== Data in this exercise ==
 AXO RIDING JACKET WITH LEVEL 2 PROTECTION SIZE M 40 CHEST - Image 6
* * *
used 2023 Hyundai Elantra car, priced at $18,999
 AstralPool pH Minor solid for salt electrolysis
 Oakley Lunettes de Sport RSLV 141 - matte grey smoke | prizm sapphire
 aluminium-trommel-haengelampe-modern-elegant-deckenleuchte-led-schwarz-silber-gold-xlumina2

== What is required ==
From the entries above, restate word for word the lines from the line containing "used 2023 Hyundai" to the line containing "Oakley Lunettes de", both ends included, and nothing more.

== Output for this task ==
used 2023 Hyundai Elantra car, priced at $18,999
 AstralPool pH Minor solid for salt electrolysis
 Oakley Lunettes de Sport RSLV 141 - matte grey smoke | prizm sapphire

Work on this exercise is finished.